McCrory-Berger strain hobbles the budget process
Published July 13, 2014
Editorial by News and Observer, July 12, 2014.
It’s unknown what the final state budget will look like, but two things are certain: It will include a surplus of bitterness and a deficit of trust.
Gov. Pat McCrory and Senate President Pro Tem Phil Berger ended the week of budget wrangling with a surprisingly combative exchange. And the bad blood between Republican senators and McCrory and the tension between the Senate and the House GOP leaders are likely to remain long after the revised two-year budget is settled.
McCrory, who barely made a peep as his fellow Republicans pushed through divisive and wrongheaded legislation last session, boldly announced that he will veto any budget that includes the Senate’s plan for an 11 percent increase in pay for public school teachers. The governor says the state can’t raise teacher pay that much and still meet its obligations elsewhere.
Berger fired back that McCrory’s vetoes last session were overridden and that he has no business making veto threats. The Senate leader’s statement added: “It would be more helpful for (the governor) to work with members of both chambers of the legislature, since his unwillingness to listen to those who have an honest disagreement with him on spending priorities in favor of staging media stunts and budget gimmicks is a major reason the budget has not been finalized.”
More strain on relations
The exchange makes for good theater, but the standoff will further strain the Senate’s frayed relationship with the House and the governor. Senators walked out of a conference committee meeting on the budget last week after House leaders called in local school superintendents to testify on the effect of the Senate’s proposed cuts. In late June, the governor and House Speaker Thom Tillis appeared at a news conference flanked by educators at which they rallied for the House budget plan.

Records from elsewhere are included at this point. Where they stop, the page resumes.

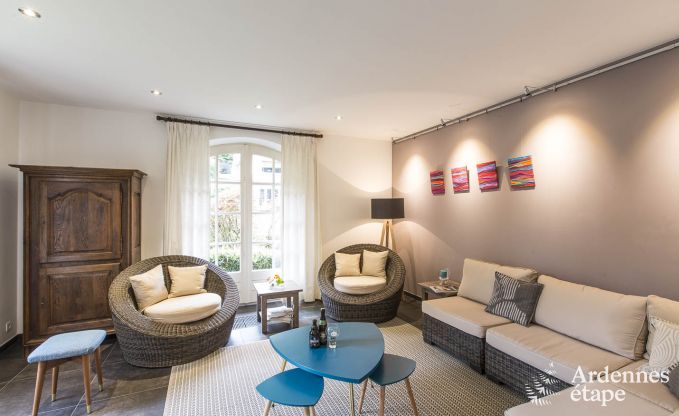 Vakantiehuis in Aywaille voor 8/9 personen in de Ardennen
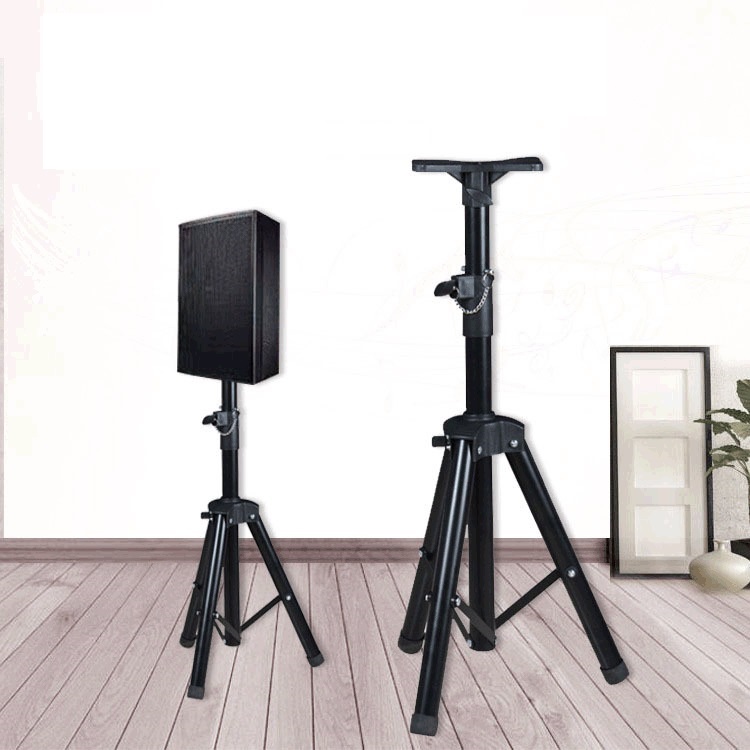 Giá Đỡ Máy Chiếu, Giá Đỡ Âm Thanh, Giá Đỡ Loa 3 Chân Tripod Chịu Tải 50kg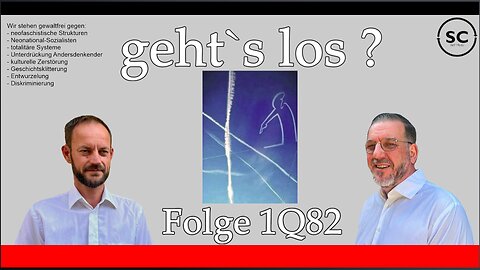 geht`s los ? Folge 1082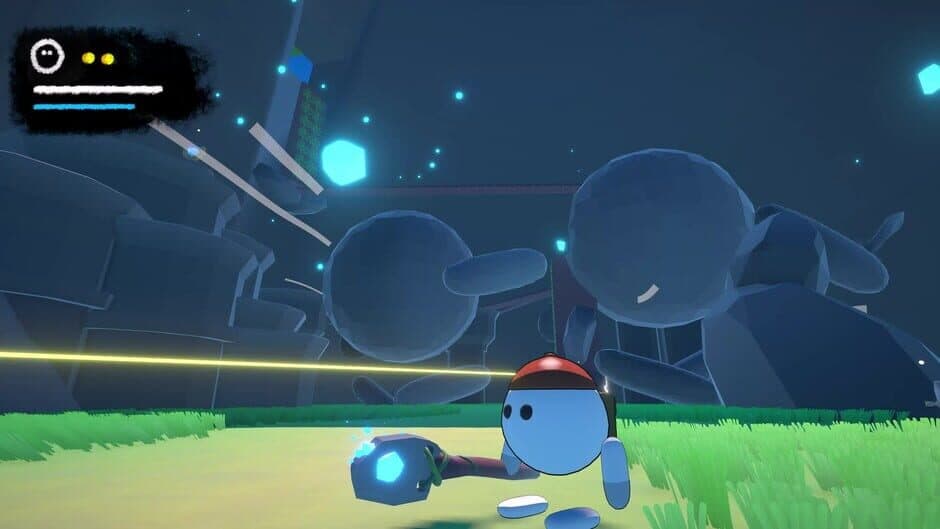 Eggman screenshot 3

The Senate wants to cut 7,400 teacher assistants and other school funding to help pay for the teacher raises. The Senate also proposes cuts in Medicaid that would push thousands of elderly and disabled people out of the program. The House wants a budget with a 6 percent hike in teacher pay that preserves assistants and other school funding.
Midterm conversions
One of the oddest parts of this spectacle is McCrory and House leaders sounding like Democrats. Speaking of the need to preserve Medicaid services, Rep. Nelson Dollar, R-Cary, the chief House budget writer, said, “I don’t see those things as welfare. I see us treating our fellow – about 1.6 or 1.7 million – citizens of our state in a very humane way.”
McCrory declared: “I will veto the latest Senate plan or any plan that resembles it because I know of no financial way we can go beyond the House proposal without eliminating thousands of teacher assistants, cutting Medicaid recipients and putting at risk future core state services.”
This conversion would be impressive if it were sincere. But history says it’s not. Where were these Republican Hubert Humphreys when they said yes to tax cuts that have made a teacher raise so hard to fund? Where was their concern about their fellow citizens’ health care when they refused to expand Medicaid to cover hundreds of thousands of working poor North Carolinians?
The North Carolinian whom the governor and House Republicans most want to serve is Speaker Tillis, the GOP nominee for U.S. Senate. The draconian cuts the Senate proposes would doom his candidacy. Can Tillis survive TV ads focused on his vote for a state budget that would throw the aged and disabled off Medicaid?
This is what happens when this crop of Republican lawmakers who claim to be doing “the will of the people” face a statewide election that truly will reflect the will of the people. Their views become more moderate, perhaps even compassionate.